Only once the pattern has all the components of the letter “M” do you have them set up. Once the “M” is nearing completion we are looking for an entry at or very near to the bottom of the right leg. Our entry will be as the market approaches this trend line. You want to enter the market on this trend line with a stop-loss order just below the line. This gives you a minimal risk entry. If it turns out not to be an “M” pattern then your loss will be minimal.

If on the other hand, you do get an entry, your first target is the top of the right shoulder of the “M”. Because the distance between the bottom of the right leg and the top of the right shoulder can be a small range you might want to look for this on larger time frame e.g. 4 hours and up. For the “W” pattern we are going to reverse the procedure. First, draw the left leg down to the bottom of the left shoulder. From there draw a line from the bottom left-hand shoulder to the top of the middle leg. From there you draw a line down to the bottom of the right-hand shoulder. The last stage is to draw a line to the top of the right-hand leg.

As with the “M”, the “W” formation is not complete until all the components of the “W” are in place. Once in place, you can draw a trend line across the tops of the “W”‘ left-hand leg across the middle leg and this is your entry point. A stop is placed just above the trend line to minimize risk with a target of the bottom of the right shoulder. Now, this pattern does pop up frequently on 5 and 1-minute charts but there is not enough room to make a profit on the length of the leg. But, what you can do however is be aware of the fact that an “M” pattern often signifies the bottom of the move and the market is getting ready to move Up. This also applies to the “W” pattern. When you see a “W” pattern the market is often topping out and getting ready for a move down.

You can also monitor what happens at the top of the right shoulder on the “M” pattern and the bottom of the right shoulder on the “W” pattern once you are in the trade. If the move looks strong there is no need to exit. You could measure the distance between the top and bottom of the right leg and project that forward to give you a larger target. This in effect gives you twice the length of the right leg as a target.

Potential risks when trading the W pattern

To avoid losses, as a trader you need to establish a maximum point that decreases the risk of loss and that your position is not so compromising. The detail is that it is not infallible, meaning that there could be scenarios where this model could fail. It is essential to prepare for any such case and be on the lookout for another opportunity. The best way would be to determine a proper stop-loss or take-profit order.

The second thing that is recommended is not to put all of your eggs in one basket. In other words, divide your capital wisely and do not invest all of it in a reckless effort to make money. If the market goes against you, you should have some capital on the side to be able to get back to it and don’t miss another potential opportunity As noted, the method is excellent, but not fool-proof, and has a high probability of success. You can combine it with other tools you have available for better trades and higher profits.

Limitations of Double Tops and Bottoms

Double top(M pattern) and bottom formations(W pattern) are highly effective methods when identified correctly. However, they can be extremely detrimental when they are interpreted the wrong way. Therefore, one must be extremely careful and patient before jumping to conclusions.
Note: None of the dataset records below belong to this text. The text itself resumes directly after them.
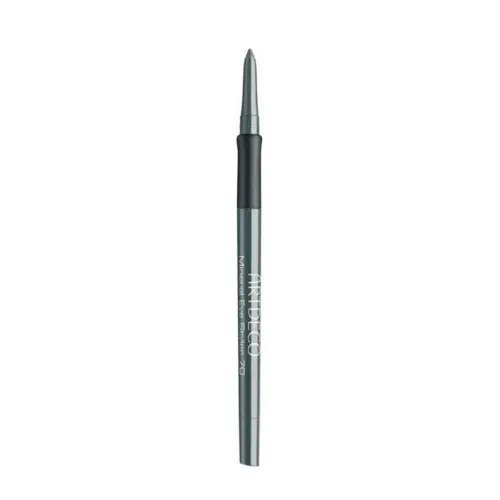 Artdeco Eye Mineral Styler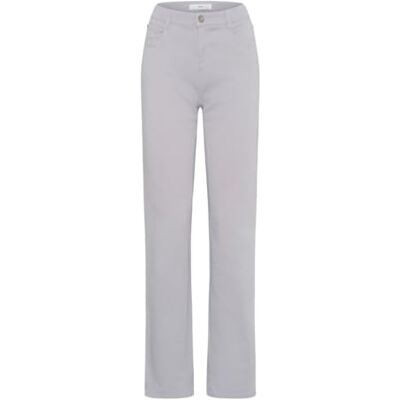 BRAX Damen Style Mary Cotton Stretch Hose BRAX Damen Style Mary Cotton Stretch Hose
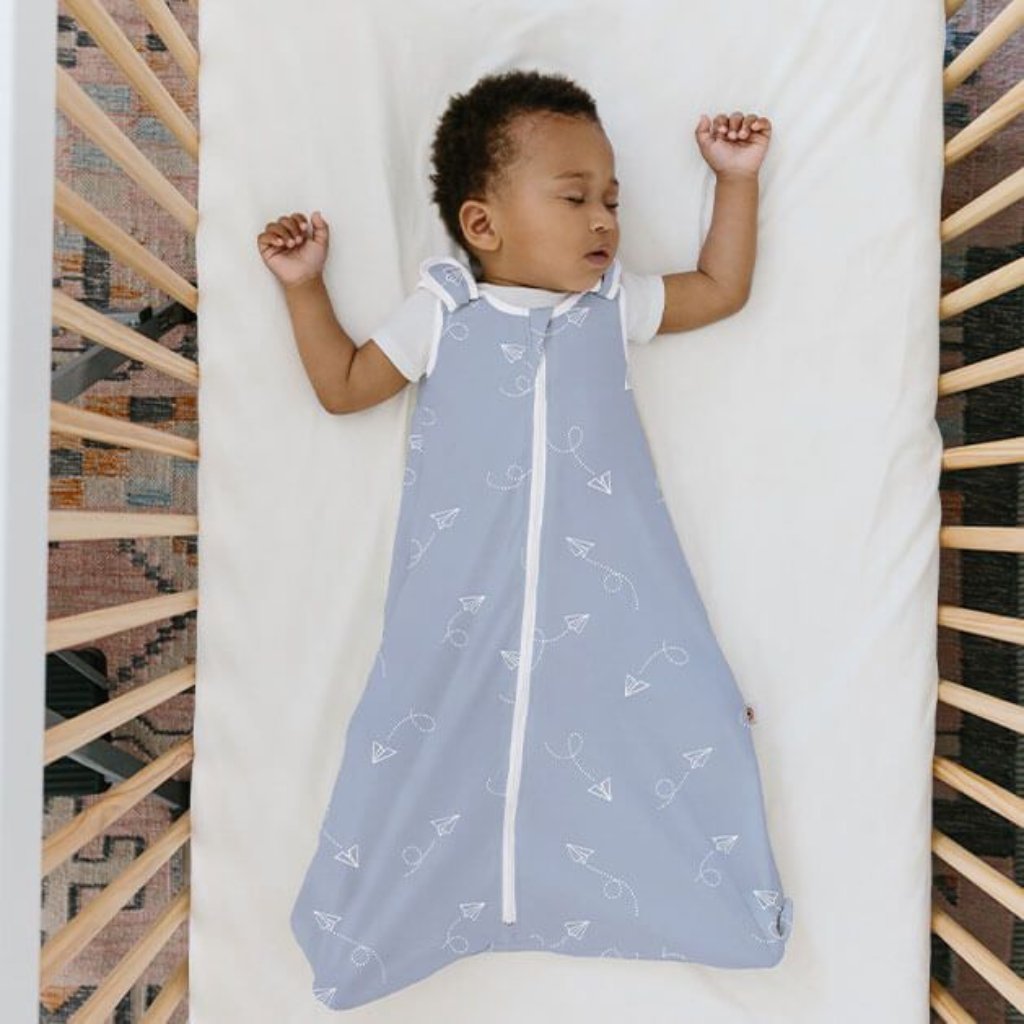 Ergo Baby Which Tog Sleeping Bag Ergobaby On The Move Sleep Bag 18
For instance, there is a significant difference between a double top that succeeded and one that has failed. A real double top is an extremely bearish technical pattern that can lead to an extremely sharp decline in a stock or asset. However, it is essential to be patient and identify the critical support level to confirm a double top’s identity. Basing a double top solely on the formation of two consecutive peaks could lead to a false reading and cause an early exit from a position.